* _WHAT YOU WILL DO_: Exact copy, no pictures: every line from the one that contains "Fabhotel Supreme Suites" through the end of the data below, and nothing else.

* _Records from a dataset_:
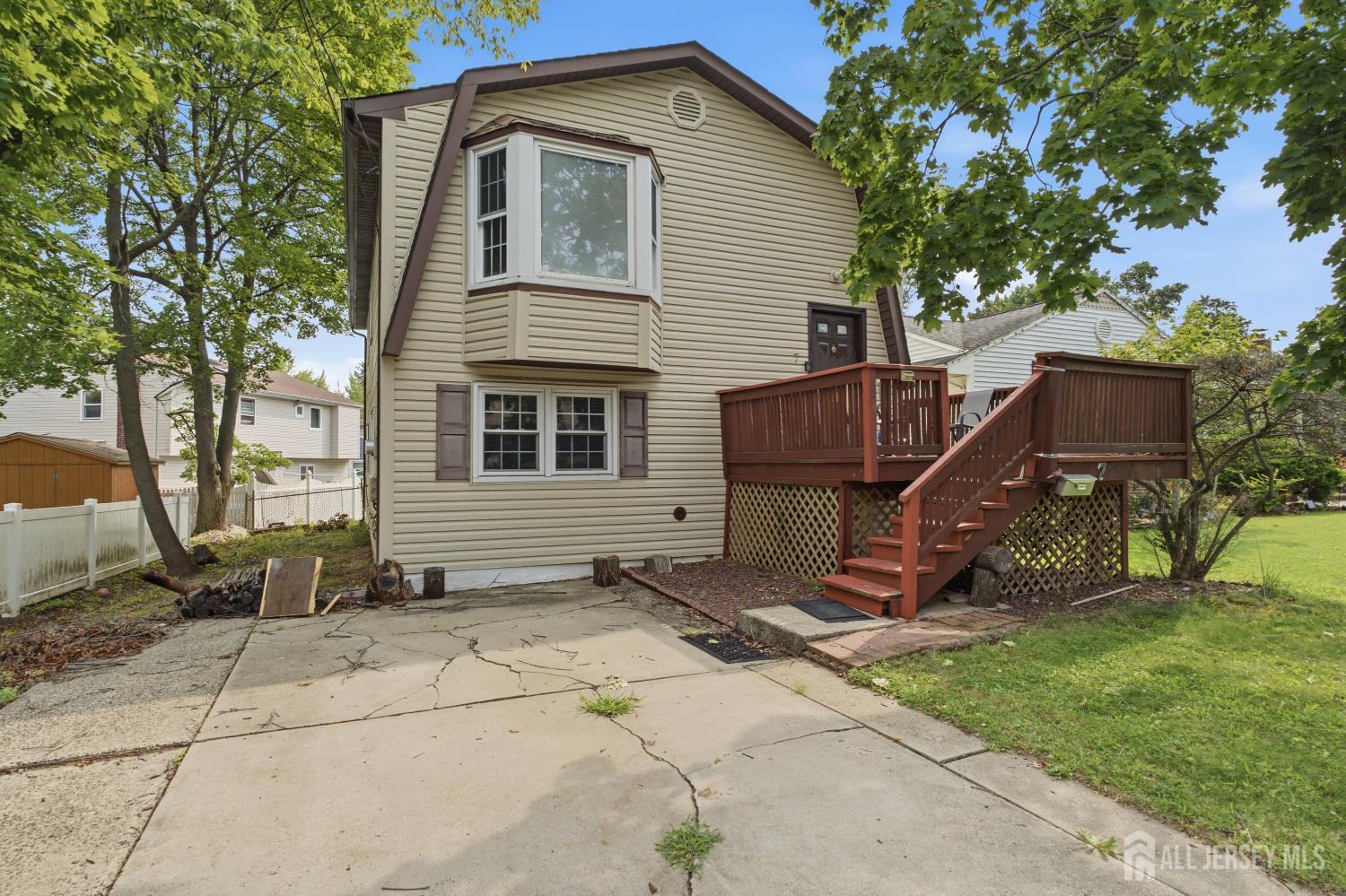 7 Exeter Street Image 2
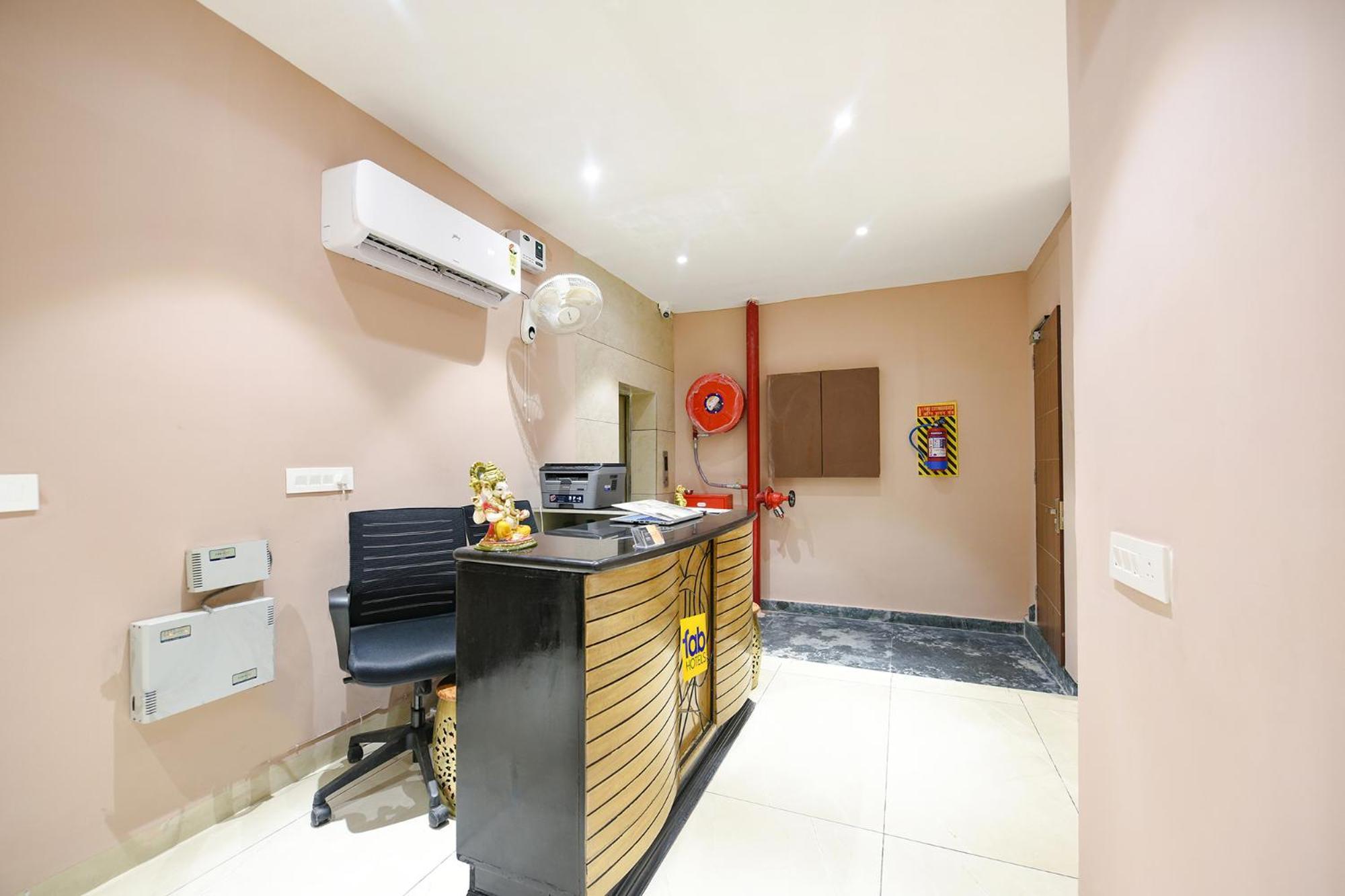 Fabhotel Supreme Suites Ludhiana Luaran gambar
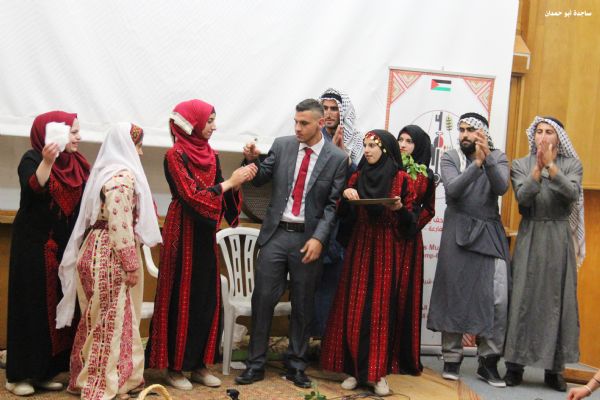 طلبة جامعة النجاح يقدمون مسرحية تحاكي العرس الفلسطيني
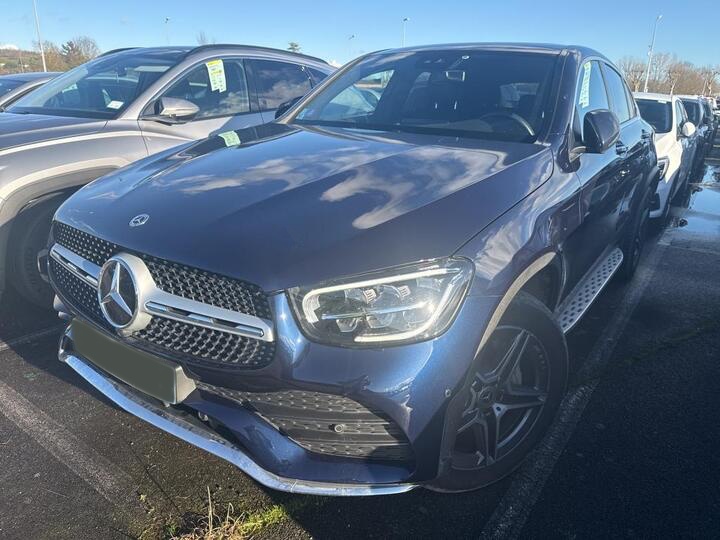 Mercedes-Benz GLC Coupé 300de AMG Line - 4-Matic - Hybrid - Automatic - 305 hp - 94.698 km AMG Line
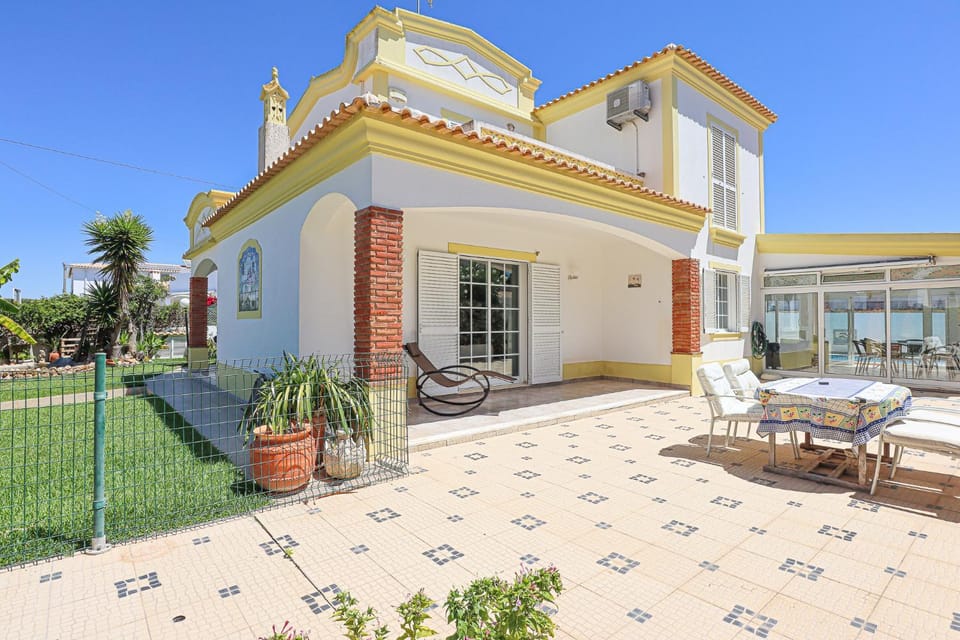Property building, Day, Garden, Dining area, Garden view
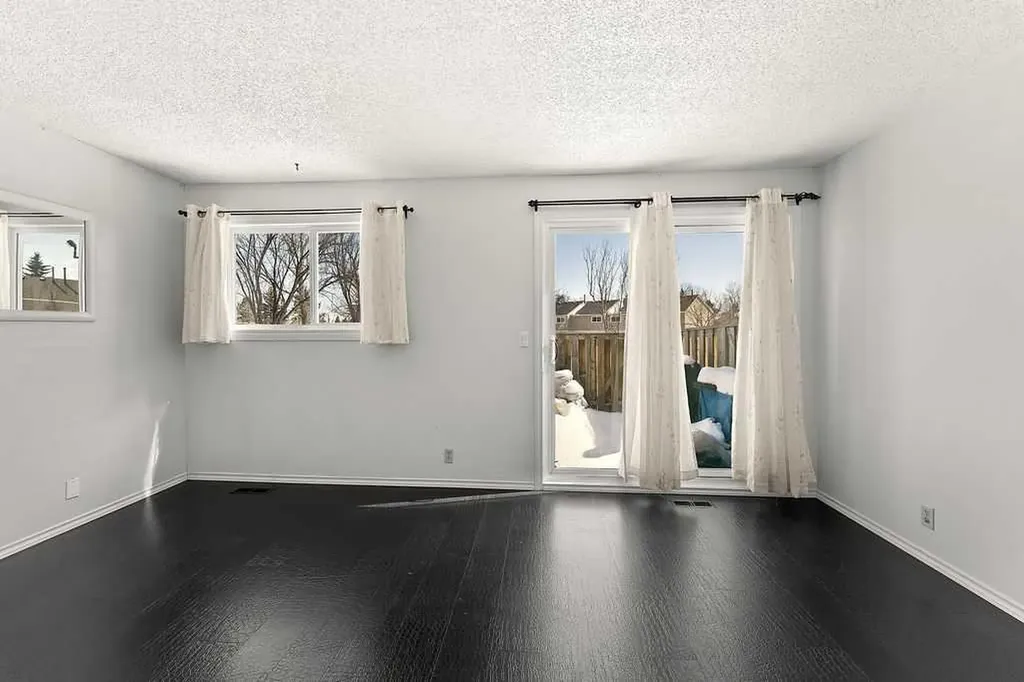 5520 1 Avenue SE Calgary AB T2A 5Z7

* _TASK RESULT_:
 Fabhotel Supreme Suites Ludhiana Luaran gambar
 طلبة جامعة النجاح يقدمون مسرحية تحاكي العرس الفلسطيني
 Mercedes-Benz GLC Coupé 300de AMG Line - 4-Matic - Hybrid - Automatic - 305 hp - 94.698 km AMG Line
Property building, Day, Garden, Dining area, Garden view
 5520 1 Avenue SE Calgary AB T2A 5Z7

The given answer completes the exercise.